Work order
Print the line containing "Cama en habitación", then every line after it through the end of the material, exactly as written and without pictures.

Dataset extract
• • •

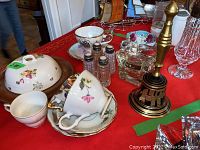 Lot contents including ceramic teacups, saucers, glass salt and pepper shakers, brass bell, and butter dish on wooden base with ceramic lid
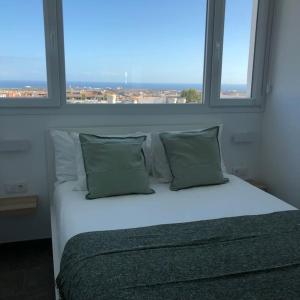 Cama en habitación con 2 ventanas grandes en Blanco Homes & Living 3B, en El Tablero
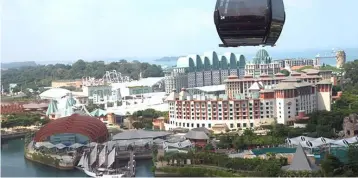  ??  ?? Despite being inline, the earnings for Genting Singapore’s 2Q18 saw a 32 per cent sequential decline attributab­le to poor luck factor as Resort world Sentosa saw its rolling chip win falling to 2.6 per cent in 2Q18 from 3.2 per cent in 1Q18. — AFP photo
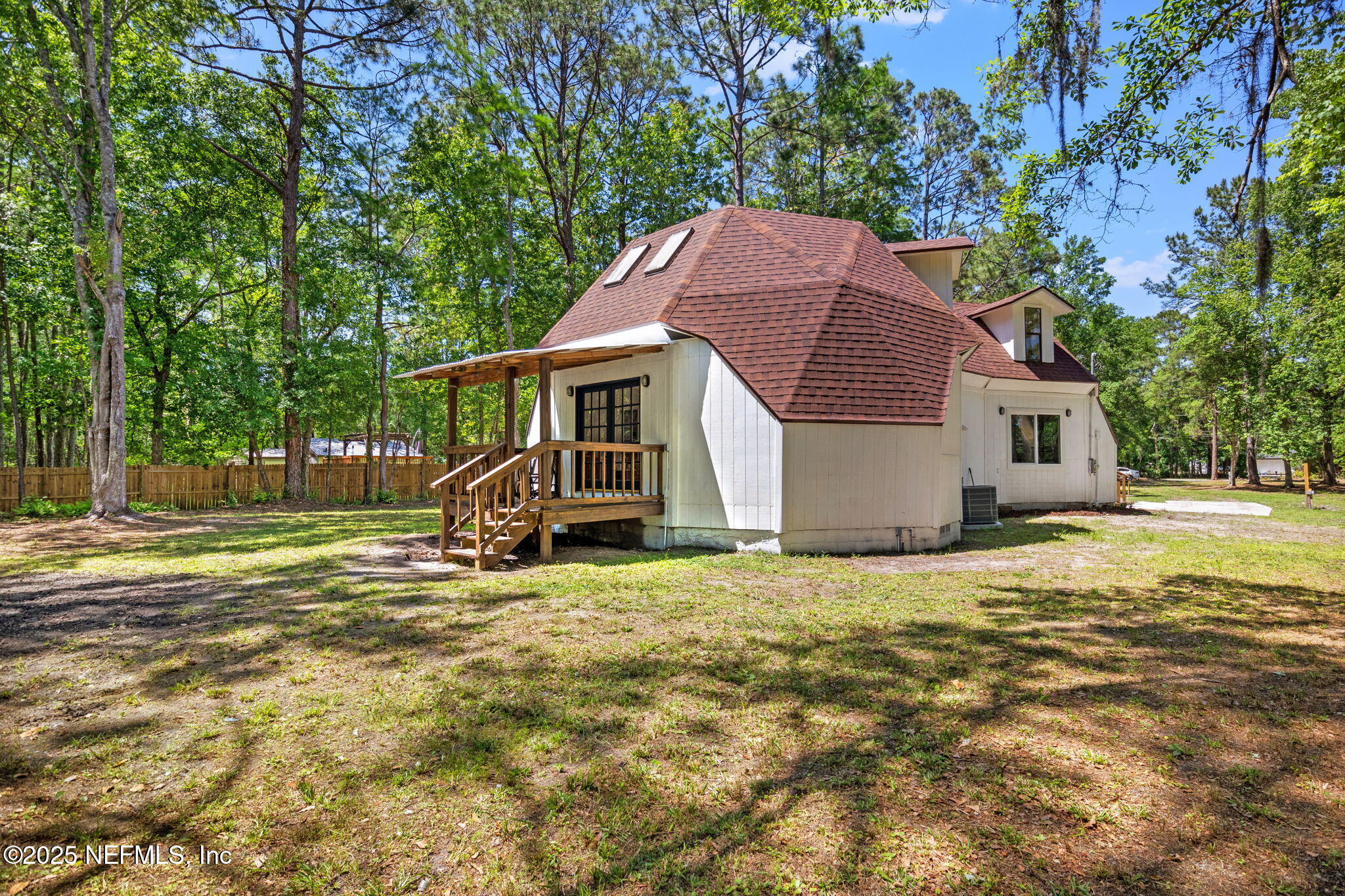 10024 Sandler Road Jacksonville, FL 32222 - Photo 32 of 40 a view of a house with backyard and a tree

• • •

Answer to this task
 Cama en habitación con 2 ventanas grandes en Blanco Homes & Living 3B, en El Tablero
  ??  ?? Despite being inline, the earnings for Genting Singapore’s 2Q18 saw a 32 per cent sequential decline attributab­le to poor luck factor as Resort world Sentosa saw its rolling chip win falling to 2.6 per cent in 2Q18 from 3.2 per cent in 1Q18. — AFP photo
 10024 Sandler Road Jacksonville, FL 32222 - Photo 32 of 40 a view of a house with backyard and a tree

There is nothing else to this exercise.